Data extracted from a collection
□ □ □

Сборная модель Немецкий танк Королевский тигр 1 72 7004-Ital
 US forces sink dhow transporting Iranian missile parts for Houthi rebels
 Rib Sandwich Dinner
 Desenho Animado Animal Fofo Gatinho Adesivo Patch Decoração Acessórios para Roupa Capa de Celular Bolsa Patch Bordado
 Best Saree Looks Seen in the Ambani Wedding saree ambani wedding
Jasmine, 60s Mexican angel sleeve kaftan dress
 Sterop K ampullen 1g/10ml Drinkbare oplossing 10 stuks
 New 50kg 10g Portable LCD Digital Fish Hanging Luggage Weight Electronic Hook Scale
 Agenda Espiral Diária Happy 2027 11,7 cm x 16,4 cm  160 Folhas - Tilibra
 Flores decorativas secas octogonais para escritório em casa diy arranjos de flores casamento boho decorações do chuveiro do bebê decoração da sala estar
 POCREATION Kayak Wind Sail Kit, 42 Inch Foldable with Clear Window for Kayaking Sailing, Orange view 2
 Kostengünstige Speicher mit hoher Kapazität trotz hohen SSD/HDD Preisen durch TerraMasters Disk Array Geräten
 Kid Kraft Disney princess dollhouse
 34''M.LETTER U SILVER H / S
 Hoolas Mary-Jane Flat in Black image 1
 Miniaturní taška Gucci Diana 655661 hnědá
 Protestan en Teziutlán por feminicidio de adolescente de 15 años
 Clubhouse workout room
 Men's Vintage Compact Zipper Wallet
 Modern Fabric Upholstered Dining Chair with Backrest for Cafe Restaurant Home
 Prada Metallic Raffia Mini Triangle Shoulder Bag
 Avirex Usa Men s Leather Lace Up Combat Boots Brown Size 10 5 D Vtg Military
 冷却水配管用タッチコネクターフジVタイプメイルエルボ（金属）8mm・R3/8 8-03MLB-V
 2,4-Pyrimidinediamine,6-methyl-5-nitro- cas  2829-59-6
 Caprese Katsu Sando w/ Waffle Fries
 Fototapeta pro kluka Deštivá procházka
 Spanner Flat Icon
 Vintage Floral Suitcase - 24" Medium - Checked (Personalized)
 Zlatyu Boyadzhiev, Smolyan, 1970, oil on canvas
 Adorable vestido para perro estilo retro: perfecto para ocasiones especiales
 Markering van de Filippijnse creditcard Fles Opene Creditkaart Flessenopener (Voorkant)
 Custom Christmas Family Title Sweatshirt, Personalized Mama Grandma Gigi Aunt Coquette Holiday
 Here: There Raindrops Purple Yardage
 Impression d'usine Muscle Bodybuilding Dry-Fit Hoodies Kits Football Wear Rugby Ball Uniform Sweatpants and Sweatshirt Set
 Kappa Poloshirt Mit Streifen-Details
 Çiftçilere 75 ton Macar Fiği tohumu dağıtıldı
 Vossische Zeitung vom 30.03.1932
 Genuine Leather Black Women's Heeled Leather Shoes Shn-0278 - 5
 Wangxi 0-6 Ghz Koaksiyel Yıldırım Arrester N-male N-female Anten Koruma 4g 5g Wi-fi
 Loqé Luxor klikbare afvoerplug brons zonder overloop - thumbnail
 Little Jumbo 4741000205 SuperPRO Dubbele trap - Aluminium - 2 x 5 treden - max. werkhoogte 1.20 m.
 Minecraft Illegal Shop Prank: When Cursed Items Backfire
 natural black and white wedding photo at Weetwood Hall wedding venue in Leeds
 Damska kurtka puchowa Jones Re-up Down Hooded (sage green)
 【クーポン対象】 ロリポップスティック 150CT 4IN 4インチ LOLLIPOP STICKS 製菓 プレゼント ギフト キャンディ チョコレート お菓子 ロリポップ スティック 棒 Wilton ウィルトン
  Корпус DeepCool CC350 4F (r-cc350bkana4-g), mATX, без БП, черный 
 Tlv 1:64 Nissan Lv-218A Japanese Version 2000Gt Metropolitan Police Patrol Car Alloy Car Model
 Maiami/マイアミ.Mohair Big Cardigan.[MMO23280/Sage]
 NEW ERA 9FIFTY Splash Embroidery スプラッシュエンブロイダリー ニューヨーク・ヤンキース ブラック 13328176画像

□ □ □

Output the lines above exactly, but only those between the line holding "Sterop K ampullen" and the line holding "Agenda Espiral Diária", inclusive.

RESULT OF THE TASK =
 Sterop K ampullen 1g/10ml Drinkbare oplossing 10 stuks
 New 50kg 10g Portable LCD Digital Fish Hanging Luggage Weight Electronic Hook Scale
 Agenda Espiral Diária Happy 2027 11,7 cm x 16,4 cm  160 Folhas - Tilibra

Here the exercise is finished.